Risicoanalyse Waddenzee

De Vaste commissie voor VROM van de Tweede Kamer heeft de Raad voor de Wadden gevraagd een ad­vies uit te brengen over een risico­analyse voor de Waddenzee, waarin bestaande onderzoeken worden ge­analyseerd en in onderlinge samen­hang worden geïnterpreteerd.
Omwille van de tijd heeft de Raad zich beperkt tot een - niet uitput­tend - overzicht van de meest actuele analyses en studies die zijn uitge­voerd naar activiteiten met effecten op de Waddenzee.
Op basis van de onderzochte analy­ses en studies kunnen enkele con­clusies worden getrokken ten aanzien van uitgevoerd onderzoek naar risico's voor de Waddenzee.
Allereerst valt op dat er slechts een beperkt aantal kwantitatieve risico­analyses naar de effecten van men­selijke activiteiten in de Waddenzee is uitgevoerd.
Wel is er veel onderzoek verricht naar effecten van activiteiten op bepaalde soorten of deelprocessen, maar er is weinig samenhangend onderzoek uitgevoerd. Ook een analyse van mogelijke cumulatie van effecten als gevolg van menselijke activiteiten al dan niet in interactie met natuurlijke verschijnselen en de risico's als gevolg daarvan ont­breekt.

Om het risico van activiteiten en ontwikkelingen in of grenzend aan de Waddenzee te verminderen is het nodig meer systematische ecosysteemkennis te genereren en een goede en systematische analyse van bestaande kennis en informatie uit te voeren. Een dergelijke analyse kan bovendien worden gebruikt om onderbouwd aan te geven waar en in welke prioriteitsvolgorde nader onderzoek van effecten en mogelijke risico's van activiteiten nodig is. Een samenwerkingsverband van kennis- en onderzoeksinstituten in de vorm van een Waddenpanel, zoals eerder door de Waddenadviesraad in 2001 bepleit of een academie zou een bij­drage kunnen leveren aan het ge­nereren en ontsluiten van de ver­eiste kennis en een analyse van deze kennis.

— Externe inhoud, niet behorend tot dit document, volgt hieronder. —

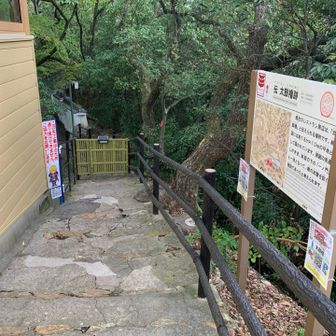 ろうぷ亭まで降りてまた階段を上がる
展望台レストランから先は通行止
展望台レストランから直接岐阜城に行くことはできません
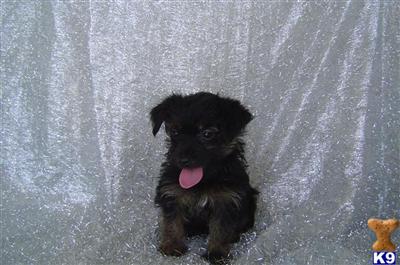 Yorkshire Terrier Puppies in FL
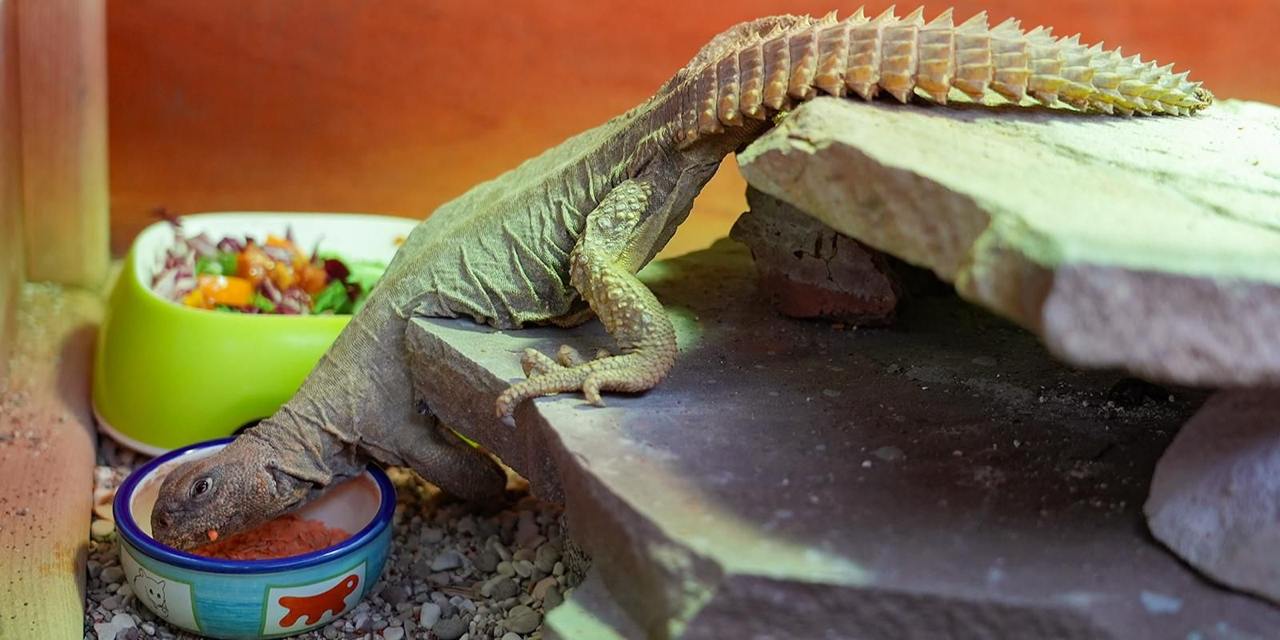 В Московском зоопарке появилась пара египетских шипохвостов Самца и самку разместили в служебном помещении террариума сообщает сайт мэра столицы Их рацион состоит из свежей зелени нежирной зерновой смеси а также из насекомых и небольшого количества грызунов В природе эти ящерицы могут достигать в длину 75 см а весить до 2 кг При этом она практически не нуждаются в воде так как получают её из конденсата или зарываются в мокрый песок Отмечается что египетские шипохвосты редко содержатся в зоопарках для комфорта им необходимо обеспечить террариум определенного размера ультрафиолет сухой воздух и температуру в районе 25 30 градусов Фото пресс служба Департамента культуры города Москвы Подписаться на Говорит Москва Telegram VK MAX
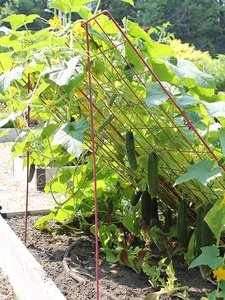 Cadre pliable en treillis de concombres, encadrement de plante de jardin - Product Image 6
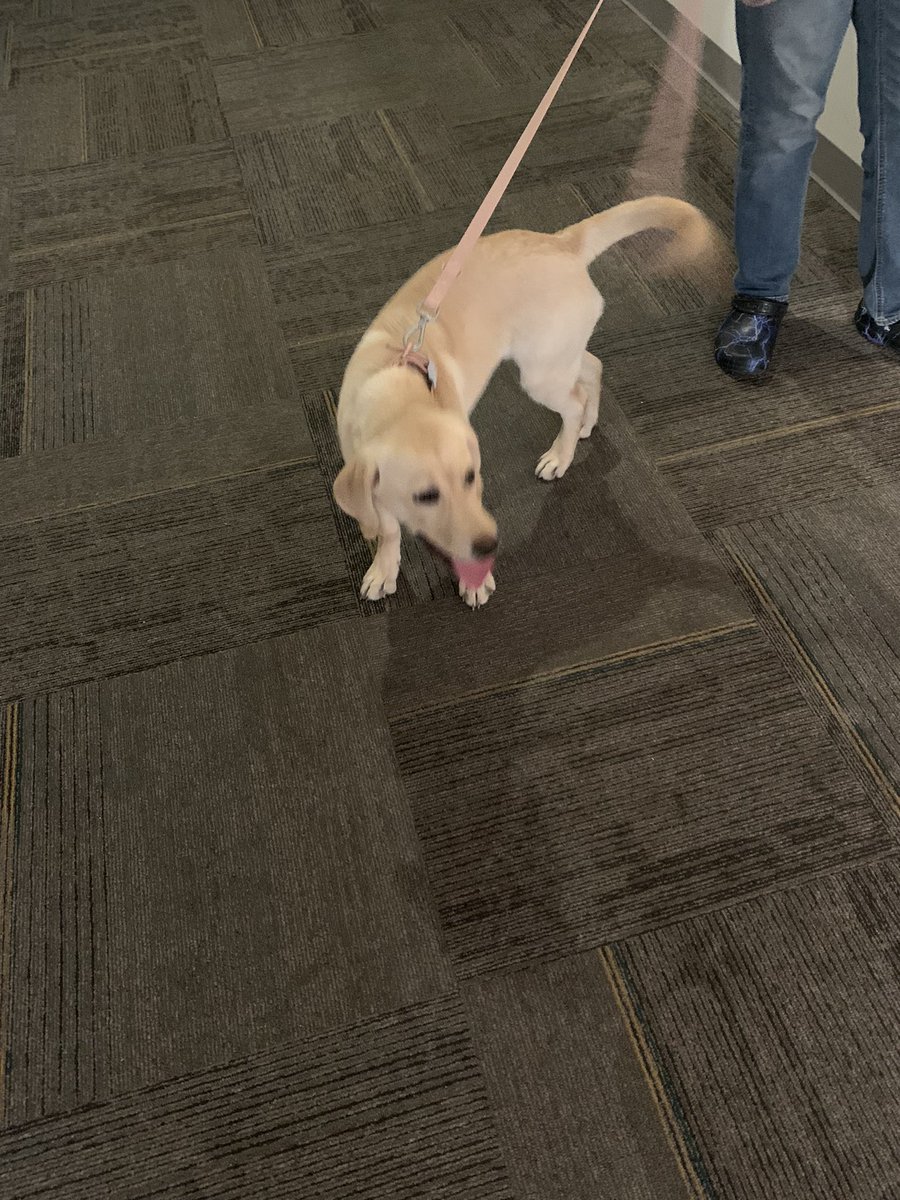 samtré 🍝 tweet media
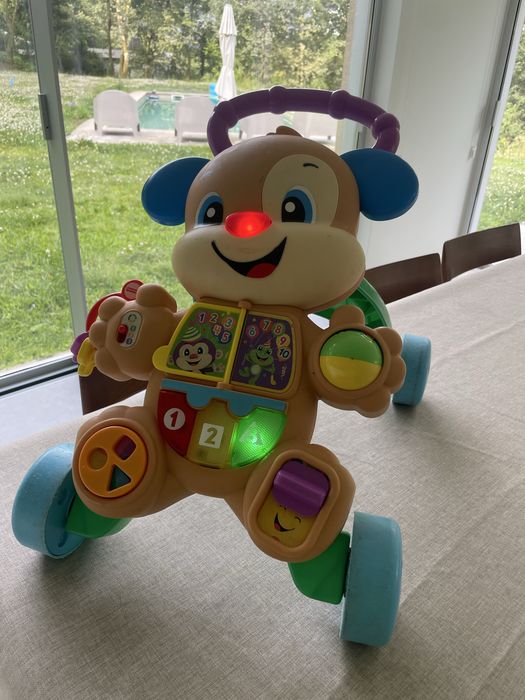 Andador do Cãozinho FISHER PRICE (Idade Mínima: 6 meses)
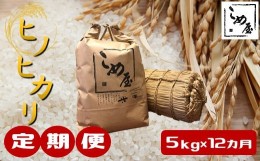 【ふるさと納税】【定期便12回】 熊本県産 「 ヒノヒカリ 」 5kg × 12カ月 | 米 こめ お米 おこめ 白米 精米 ひのひかり 熊本県 玉名市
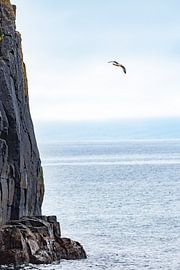 Möwe über dem Polarmeer auf Island von Thomas Heitz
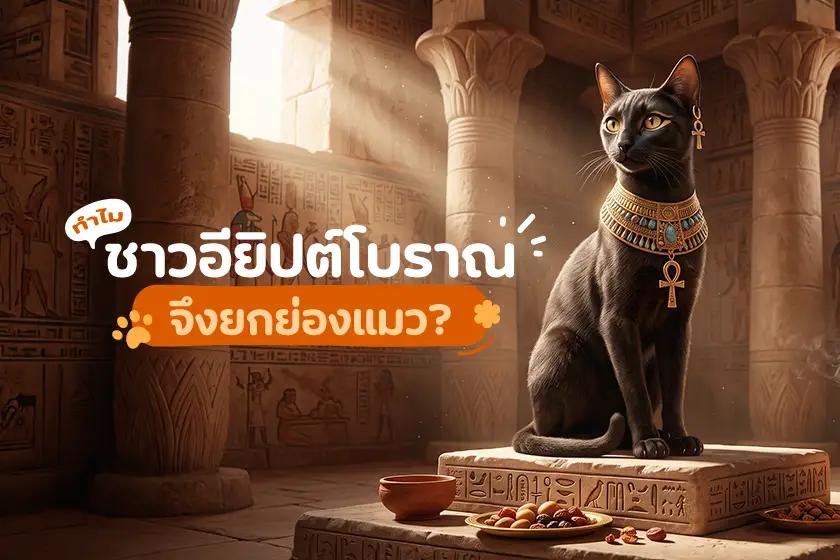 ทำไมชาวอียิปต์โบราณจึงยกย่องน้องแมว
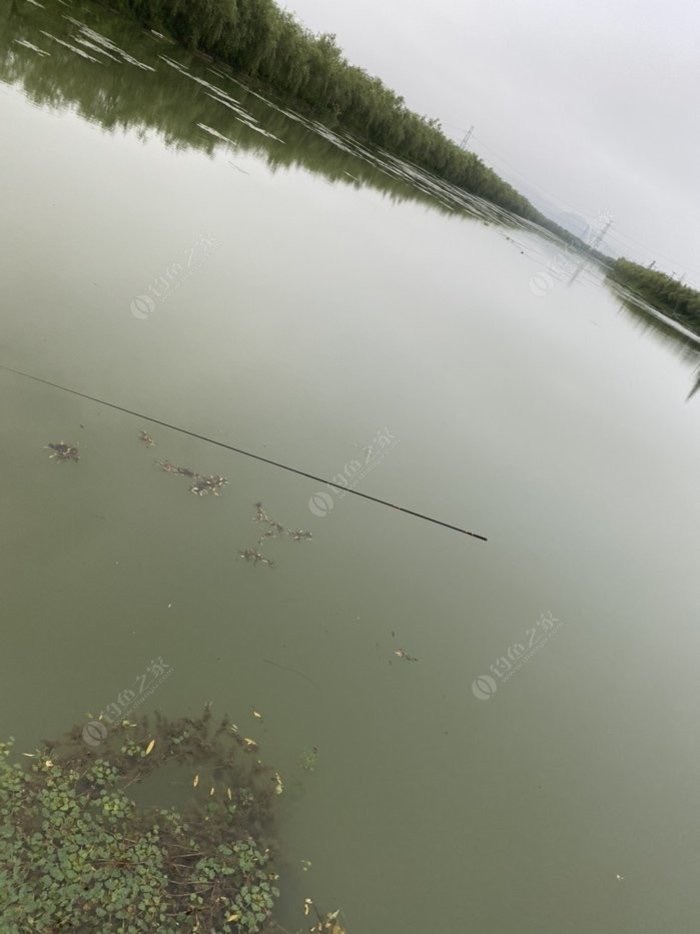 野钓技巧全攻略注意安全,几个野钓小技巧送给初学者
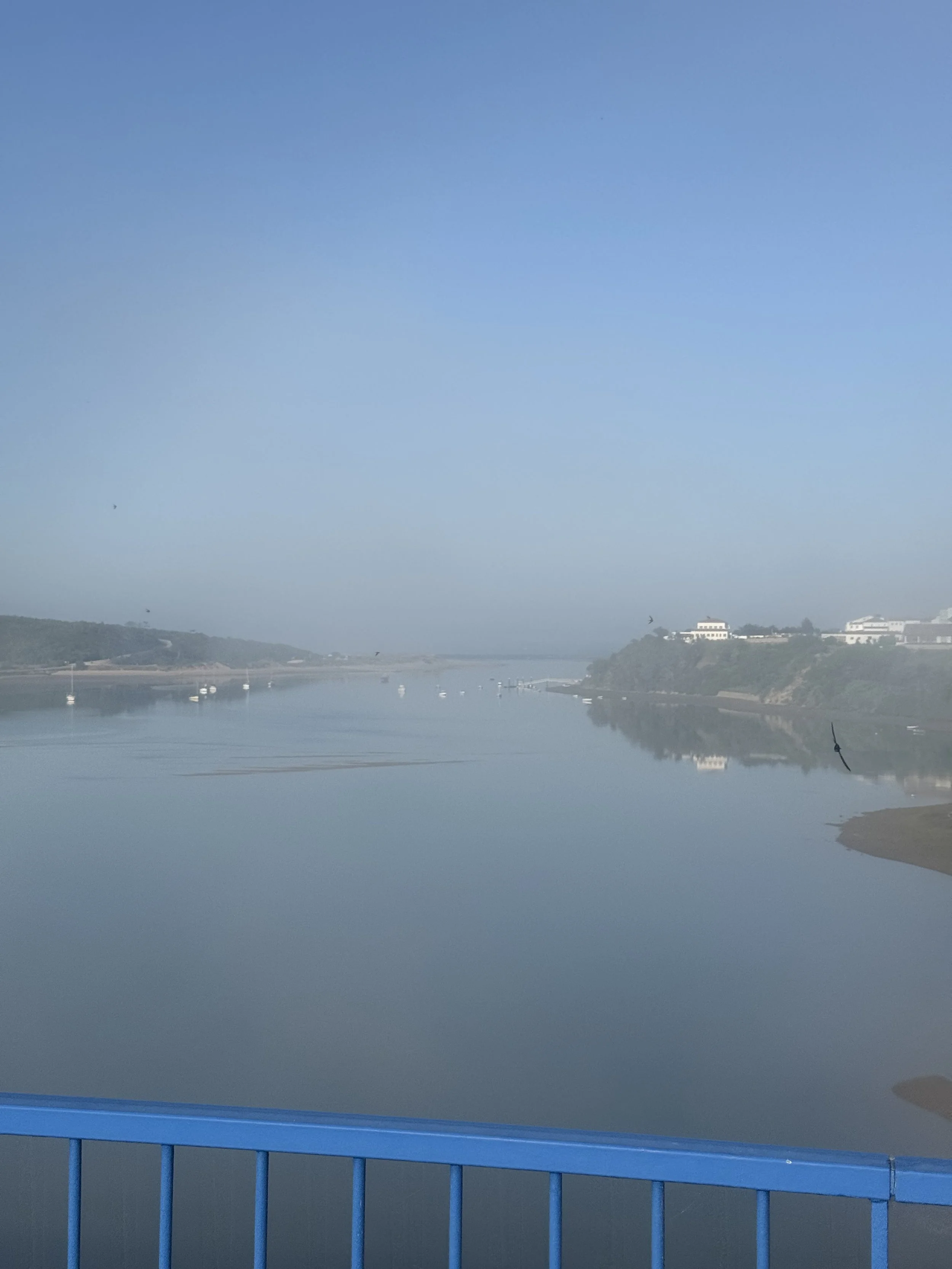 IMG_3597.jpeg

Om verantwoord om te kunnen gaan met risico's van activiteiten, is het nodig de effecten van activiteiten in kaart te brengen. Indien het mogelijk is grenswaarden van activiteiten vast te stellen, dienen deze in de pas te lopen met de kennis ten aanzien van mogelijke effecten. Hoe minder kennis over deze effecten beschikbaar is, hoe ruimer (uit voorzorg) de natuurgrenzen. Tot slot zou bij onvoldoende kennis of bij grote/redelijke twijfel ten aanzien van risico's van activiteiten het voorzorgprincipe moeten gelden.